Grasshoppers, and even butterflies, as we have seen, are occasionally subjected to the same treatment, with the same result. By-and-by, when the geyser regions become a popular resort, the preparation of petrifactions to be carried away as mementos, may become quite an item of entertainment if not of industry.

To obtain a complete view of the Lower Geyser Basin, Colonel Barlow made a trip to the summit of the Twin Buttes on the west side of the basin. From this point the valley of Firehole River could be overlooked for a distance of twenty miles; but nothing new was discovered except an attractive fall plunging over a precipice a short distance to the south.

After much severe climbing over rocky ridges, and scrambling through deep and thickly wooded ravines, he succeeded in reaching the foot of the fall—the loveliest vision he had ever beheld. "Towering above my head," he writes, "was a perpendicular cliff, three hundred feet high, while from a slight depression in its upper edge descended a sparkling stream, dashed into spray as it impinged against projecting angles of the rocky wall. On reaching the bottom the mist is gathered into a shallow basin, forming a pool of clear cold water, delightfully refreshing in this region of steaming geysers and volcanic heat. After resting a moment in this quiet retreat, the water slowly finds its way through the forest, and crossing the geyser valley eventually reaches Firehole River, some two miles distant."

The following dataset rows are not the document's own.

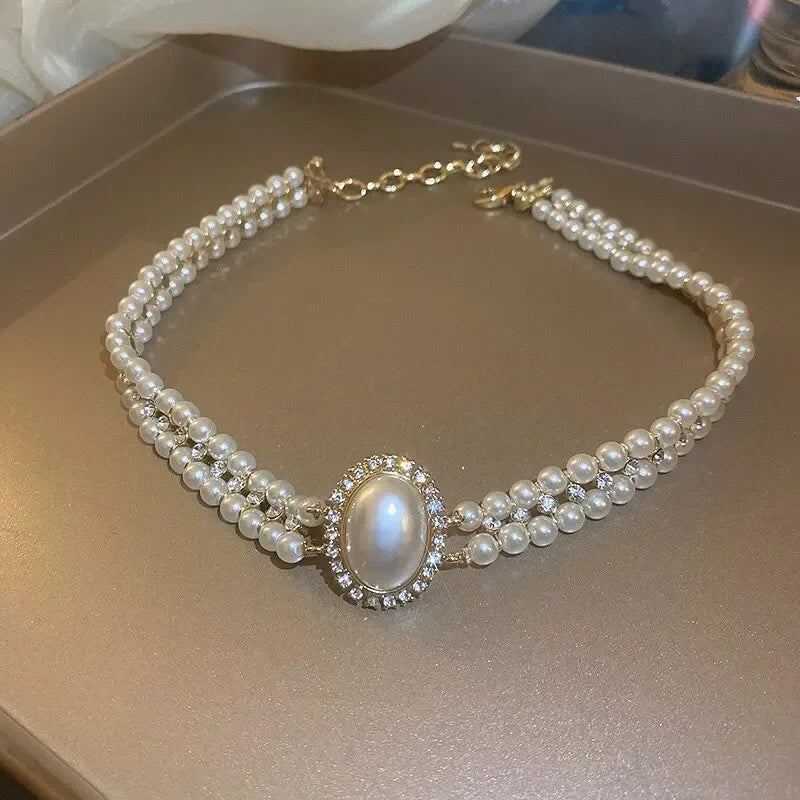 luckacco oval imitation pearl rhinestones double-layered ckokers necklaces for women light luxury temperament fashion jewelry party gifts
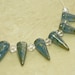 17x7mm Light Sapphire Picasso Czech Glass Bohemian Spike Beads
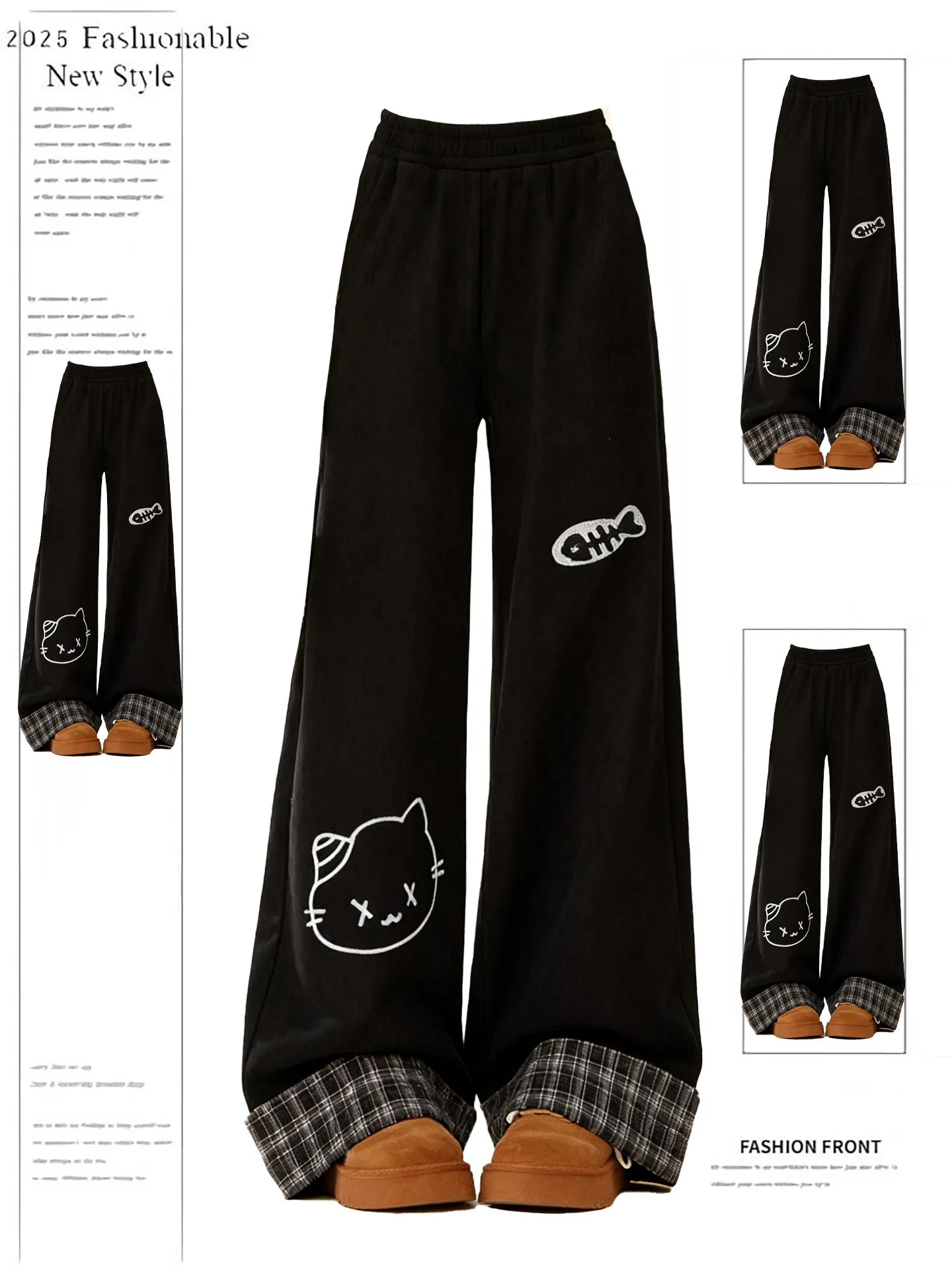 Black Embroidered Fish Bone Casual Pants Loose Straight Leg Wide Leg Trousers for Men Spring New Style Comfortable Fit
Black Embroidered Fish Bone Casual Pants Loose Straight Leg Wide Leg Trousers for Men Spring New Style Comfortable Fit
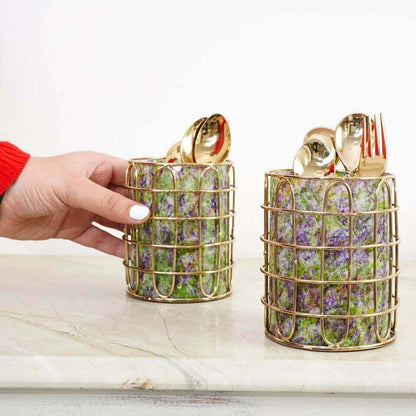 Set of 2 Elegant Stainless Steel (Gold Color) and Green Glass Silverware Holders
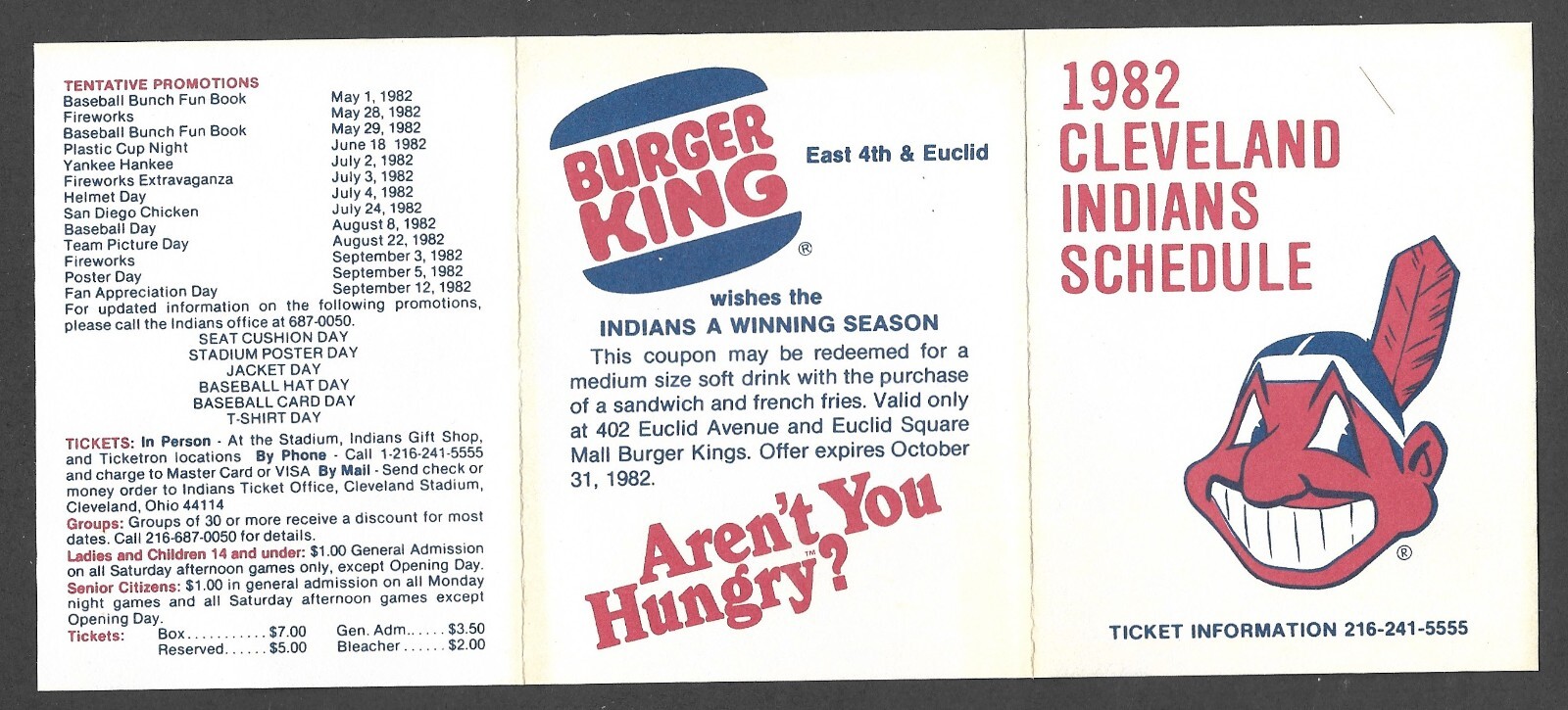 1982 CLEVELAND INDIANS Burger King Regular Season POCKET SCHEDULE NM-MINT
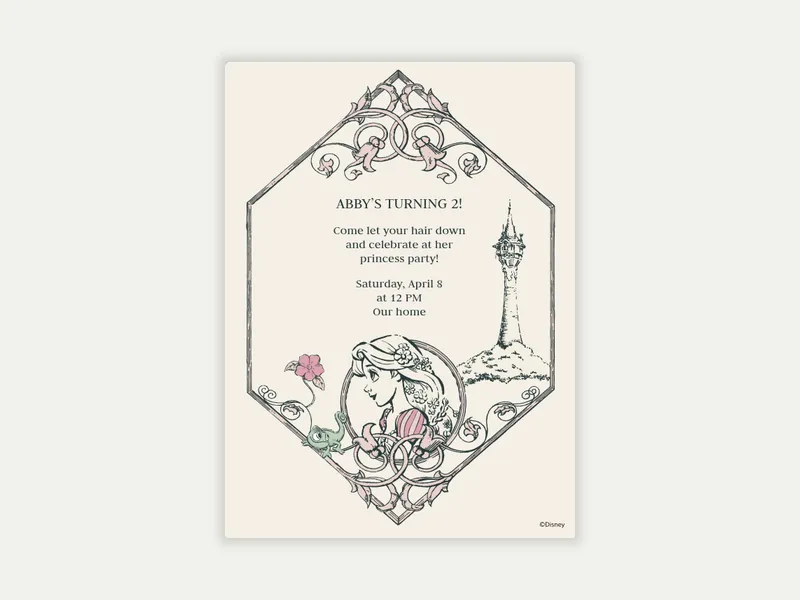 Disney’s Tangled: Antique Rapunzel Invitation free template design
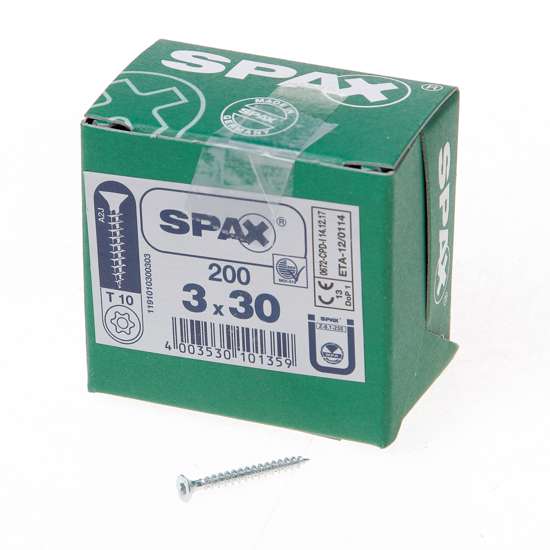 Afbeelding van Spax Spaanplaatschroef platverzonken kop verzinkt T-Star T10 3.0x30mm (per 200 stuks)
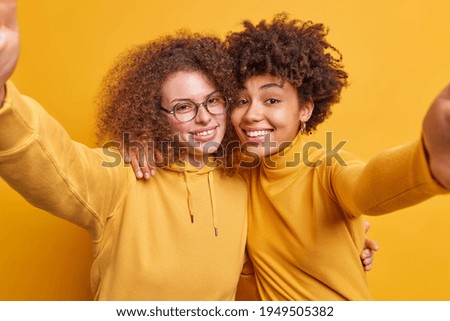 Similar – Image, Stock Photo woman making cuddles to her cute dog sleeping on bed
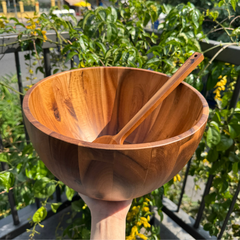 Tô tròn thành bầu gỗ tự nhiên vân sóng độc bản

From the marshy ground about the fall the pines shoot upward to an astonishing altitude, as though ambitious to overtop the cliff. Colonel Barlow approached the fall through a natural avenue in these pines, and as he caught sight of its dancing water, leaping with life-like action down the face of the overhanging cliff, the thought of fairies was so strongly suggested that he could think of no name so appropriate as the Fall of the Fairies.

The extreme north of the Lower Basin is bounded by the East Fork of Madison River, along whose valley, within the basin and above it, are numerous groups of interesting springs, though not materially different from those already described. Near the head of the stream sulphur springs are abundant, with here and there extensive deposits of sulphur. Steam-vents are frequent, their orifices lined with sulphur, and the surrounding crust filled with crystals of a vivid yellow. The channels of the streams are lined with a delicate veil of creamy sulphur. In some of the springs, lower down the stream, iron predominates. Within the basin on the south side of the East Fork are a hundred springs or more, any one of which, if alone, would be worthy of elaborate description. In some the fallen leaves of trees are frosted with silica as white as snow, and the inner surface of the basins are covered with a delicate bead-like embroidery of marvellous beauty. The most beautiful of the group is a Prismatic Spring, like those described in the Upper Basin. "Nothing ever conceived by human art," says Dr. Hayden, "could equal the peculiar vividness and delicacy of coloring of these remarkable prismatic springs." About a mile south of the East Fork, at the head of a little stream that flows into the Firehole, is another of these brilliant springs. A thin, delicately ornamental rim of silica surrounds a basin six feet in diameter, filled to the brim with water of marvellous transparency. When its surface is rippled by a passing breeze, the reflected sunlight is broken as by a million prisms. It is called the Rainbow Spring.


CHAPTER XIV.

NATURAL HISTORY OF GEYSERS AND OTHER THERMAL SPRINGS.

In Icelandic speech the word geyser means simply rager, and is applied indiscriminately to all turbulent fountains of water or mud. The most violent and noisy "rager" on the island being the great intermittent spouting spring near Haukadal, it naturally gained for itself the title, The Geyser; and being the earliest known and most remarkable fountain of the kind, its native common name was adopted in other languages as the generic name for all springs of its class.